Hello Friends of Hartford Stage,
"Bless thee, Bottom, bless thee! Thou Art
Translated!"
I’ve always loved this sentence from A Midsummer Night’s Dream, and the many meanings in its use of “translated” to describe the character of Bottom with an ass’s head. The description articulates how translation is a changing of something, a transformation of the original’s essence. In Italian there’s a saying, "Traduttore, Traditore,” roughly translated to “Translating is Betraying.”
I’ve translated all my life, having been raised in a bilingual environment, and have seen firsthand how dangerous a mistranslation can be, how close to a betrayal the wrong choice of words can become. At the same time, my life and career have been immeasurably enriched by the successful communication across cultures.
This last week I have been deep in rehearsals with Red Bull Theatre Company’s Zoom reading of The Courage to Right A Woman’s Wrong (its Spanish title is Valor, Agravio y Mujer). It is a new translation of a play from the Spanish Golden Age, an epoch of theatre writing that in breadth and depth much resembles Elizabethan England, but is far less known in our country, where everyone can point to Shakespeare’s plays and know them to be “classics.”

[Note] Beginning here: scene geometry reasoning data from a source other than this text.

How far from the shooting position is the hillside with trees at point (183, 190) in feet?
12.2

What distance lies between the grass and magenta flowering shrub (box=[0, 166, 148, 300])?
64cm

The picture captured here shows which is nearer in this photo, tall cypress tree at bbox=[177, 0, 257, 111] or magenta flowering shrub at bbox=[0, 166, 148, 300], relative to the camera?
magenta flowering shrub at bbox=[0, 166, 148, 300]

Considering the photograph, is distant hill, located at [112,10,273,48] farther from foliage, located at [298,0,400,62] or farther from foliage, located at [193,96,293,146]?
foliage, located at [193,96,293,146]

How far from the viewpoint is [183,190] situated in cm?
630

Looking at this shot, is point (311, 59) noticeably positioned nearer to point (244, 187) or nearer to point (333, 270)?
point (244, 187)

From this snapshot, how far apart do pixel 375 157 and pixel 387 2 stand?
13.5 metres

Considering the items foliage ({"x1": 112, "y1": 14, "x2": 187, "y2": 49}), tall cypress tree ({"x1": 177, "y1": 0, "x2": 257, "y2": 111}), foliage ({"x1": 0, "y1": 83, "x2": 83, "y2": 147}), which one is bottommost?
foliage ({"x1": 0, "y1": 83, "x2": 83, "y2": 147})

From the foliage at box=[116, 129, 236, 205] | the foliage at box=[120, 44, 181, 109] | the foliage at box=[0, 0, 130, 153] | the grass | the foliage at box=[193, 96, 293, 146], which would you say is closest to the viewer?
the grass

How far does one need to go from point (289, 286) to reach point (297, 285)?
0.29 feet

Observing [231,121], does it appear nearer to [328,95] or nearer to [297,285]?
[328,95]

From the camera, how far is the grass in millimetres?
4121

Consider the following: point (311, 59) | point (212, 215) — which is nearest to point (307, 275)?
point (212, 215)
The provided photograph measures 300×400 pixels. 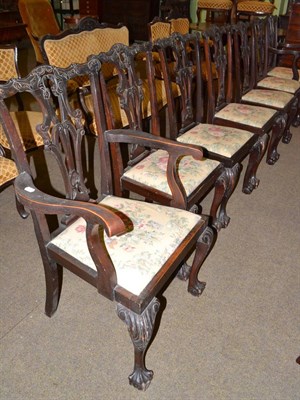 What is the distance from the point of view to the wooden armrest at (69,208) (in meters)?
0.92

How can we expand our definition of a “classic” work? As we continue to struggle across differences within our own country, the stories we choose to tell in our theatres can help “translate” us to each other as plays require us to listen with care and attention to the voices of the “other”.
This week on Scene and Heard: LIVE!, we’ll delve into what it means to “diversify” the cannon: what do we mean by a “classic” and what are the very real challenges of translation across culture and language. I’ll be joined by two guests with ample experience in international theatre and translation, Maria Delgado (Central School, London) and Barbara Fuchs (UCLA).
And consider joining me on Monday for The Courage to Right a Woman’s Wrong by registering for the free reading at the link below.
¡Espero verte este miércoles! (I hope to see you this Wednesday!)
Gratefully,
Melia
Johanna Day and Lucas Caleb Rooney in A Midsummer Night’s Dream (Hartford Stage, 2008).
Alene Dawson and Damian Young in Sueño, an adaptation of Calderon's La Vida es Sueño (Hartford Stage, 1998).
Barbara Fuchs is Professor of Spanish and English at UCLA. She is the founder and director of the Working Group on the Comedia in Translation and Performance and its Diversifying the Classics initiative.
Maria Delgado is an academic, curator, and critic, and Professor and Director of Research at The Royal Central School of Speech and Drama, University of London.